Working data —

──────────

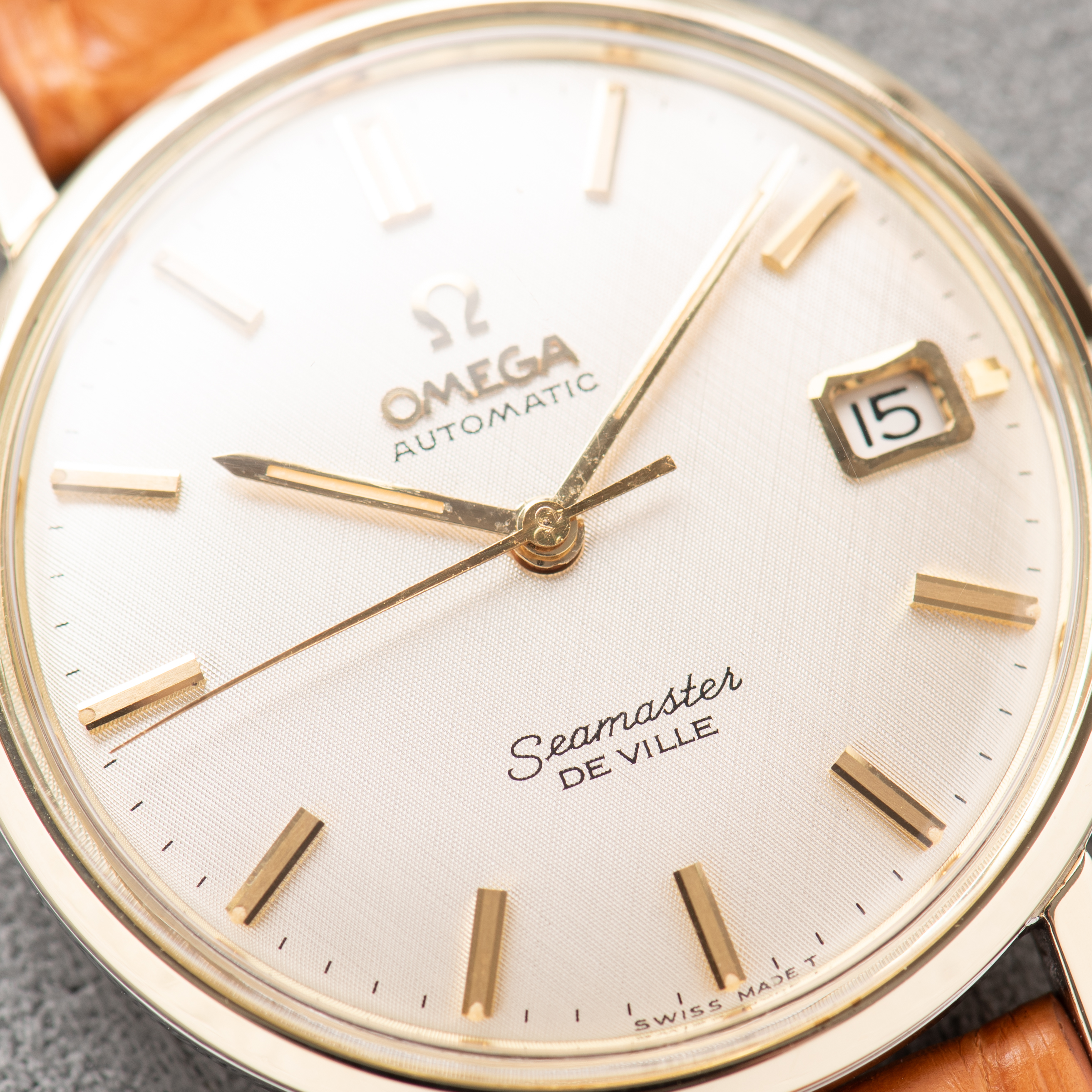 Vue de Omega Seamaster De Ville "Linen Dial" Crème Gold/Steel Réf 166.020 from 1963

──────────

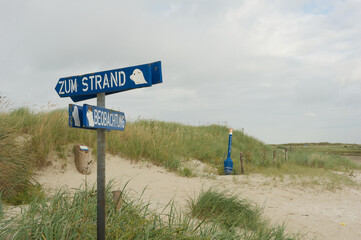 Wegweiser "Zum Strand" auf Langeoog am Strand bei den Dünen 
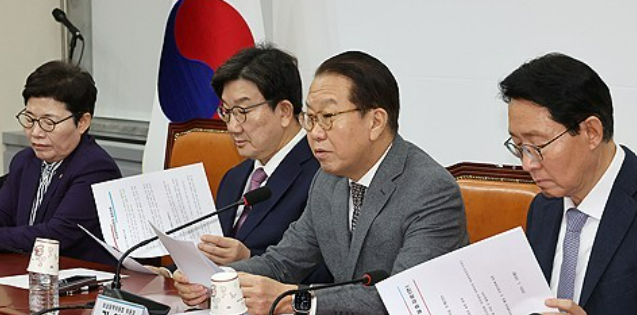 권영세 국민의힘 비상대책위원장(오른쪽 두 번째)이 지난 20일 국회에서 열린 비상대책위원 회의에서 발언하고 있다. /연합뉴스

──────────

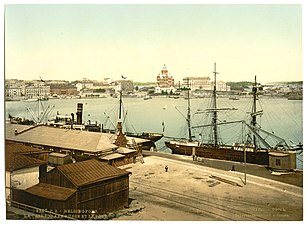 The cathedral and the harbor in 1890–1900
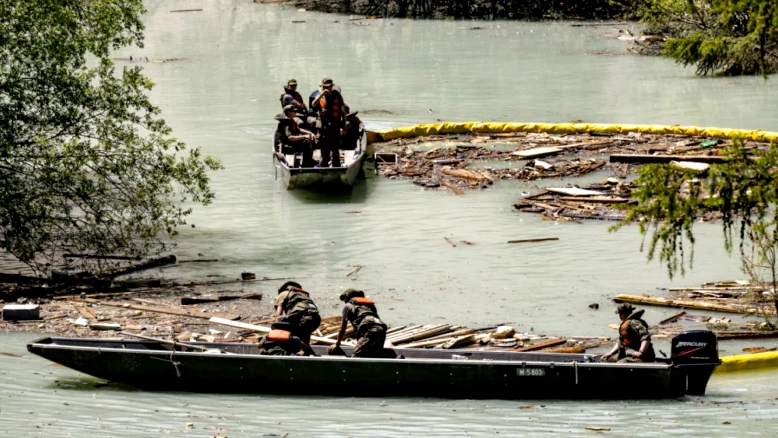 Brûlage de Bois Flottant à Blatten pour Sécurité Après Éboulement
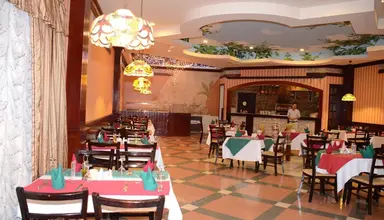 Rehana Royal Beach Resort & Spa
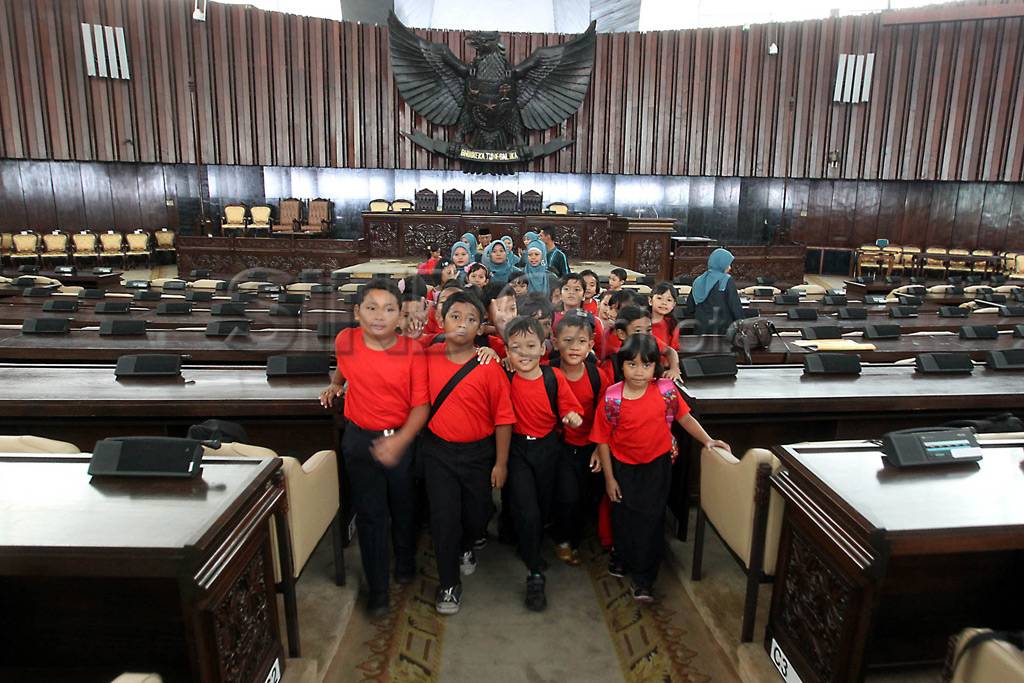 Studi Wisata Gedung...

──────────

Work to complete —
Output exactly those lines of the data above that run from the line with "bei den Dünen" up to and including the line with "권영세 국민의힘 비상대책위원장(오른쪽". No pictures go in.

Task answer —
 Wegweiser "Zum Strand" auf Langeoog am Strand bei den Dünen 
 권영세 국민의힘 비상대책위원장(오른쪽 두 번째)이 지난 20일 국회에서 열린 비상대책위원 회의에서 발언하고 있다. /연합뉴스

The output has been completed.